Even if the spectrum of causes for a PPBS loss is wide, each differential diagnosis needs rapid clarification. In pediatric GCT patients, a delay in diagnosis has been reported in 83% with a median time interval between symptom onset and diagnosis of 25 months [16]. It is known that prolonged symptom intervals in GCT patients are associated with higher risk of developing a leptomeningeal dissemination [17]. Furthermore, poorer outcomes have been reported for germinoma patients treated after a delay [15]. The PPBS loss is only systematically reported in suprasellar germinoma [10]. With our work, we are the first to report this sign as common also in NGGCT. Our results led us to conclude that the tumor could be overlooked on the first MRI. For early tumor detection, especially small GCTs require a sufficient marker. The earlier treatment start in the bifocal cohort was expectable, but the maximum interval to treatment of 204 days in bifocal germinoma demonstrates the difficulty in smaller tumors as well. Regarding bifocal GCT, it is important to note the recently published consensus recommendation on GCT in this context. When central diabetes insipidus is present with the absence of the PPBS on MRI, and the pituitary stalk or median eminence is not thickened, patients with pineal tumors and negative serum and cerebrospinal fluid α-fetoprotein and human chorionic gonadotropin markers should be considered as having sufficient evidence of bifocal germinoma [20].

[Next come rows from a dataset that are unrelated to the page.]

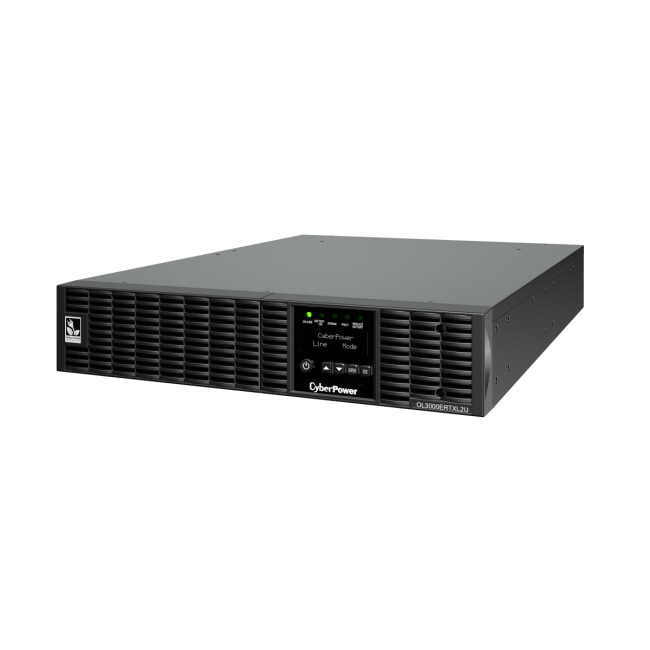 ИБП CyberPower OL3000ERTXL2U, Rackmount, Online, 3000VA/2700W, 8 IEC-320 С13, 1 IEC C19 розеток, USB&Serial, RJ11/RJ45, SNMPslot, LCD дисплей, Black, 0.5х0.8х0.2м., 37.5кг. CyberPower OL3000ERTXL2U ИБП CyberPower OL3000ERTXL2U, Rackmount, Online, 3000VA/2700W, 8 IEC-320 С13, 1 IEC C19 розеток, USB&Serial, RJ11/RJ45, SNMPslot, LCD дисплей, Black, 0.5х0.8х0.2м., 37.5кг. CyberPower OL3000ERTXL2U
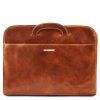 Sorrento - Document Leather briefcase (Farba Hnedá)
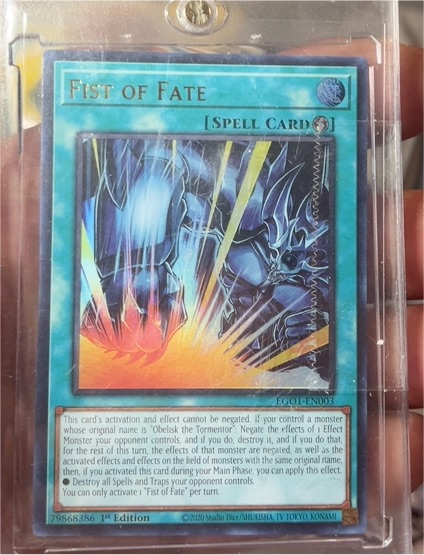 2020 Yu-Gi-Oh! EGO1-EN003 Fist of Fate — front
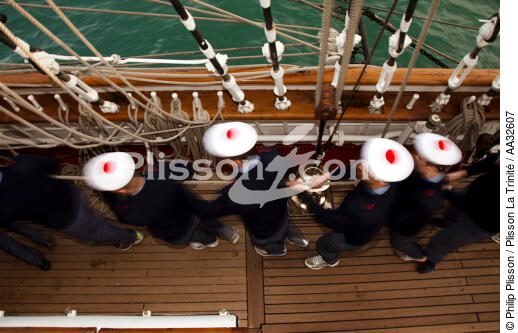 The School of foam aboard the Belem [AT] - © Philip Plisson / Plisson La Trinité / AA32607 - Photo Galleries - Tall ship / Sailing ship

In our cohort, there was a delay in the time interval between MRI and treatment start, which was significantly longer in the suprasellar cohort (median 9 days in the bifocal cohort versus median 24 days in the suprasellar cohort). Moreover, the time interval was more prolonged in suprasellar germinoma compared to NGGCT (median 54 days versus 8 days) and in suprasellar circumscribed tumors when compared to expanded tumors (median 312 versus 9 days). We believe that this is caused by the significantly smaller tumor size that we have observed. A mono-institutional study determined the time interval between symptoms onset and diagnosis by surgery or biopsy exactly and reported a median interval of 25 months in sellar germinoma [16]. Because our study was retrospective with patients from multiple hospitals, there was a lack of clinical information. We were able to determine the time interval between the first MRI and the commencement of treatment or surgery. Hence, the duration of the delay is less than 25 months. Nonetheless, it is imperative to assume that the genuine interval based on clinical symptoms is significantly longer, as evidenced by the individual reports with available clinical data in our suprasellar cohort. Clinical reports of the bifocal group were rare (n = 5) and the symptom interval with up to six months less prolonged compared to the suprasellar cohort.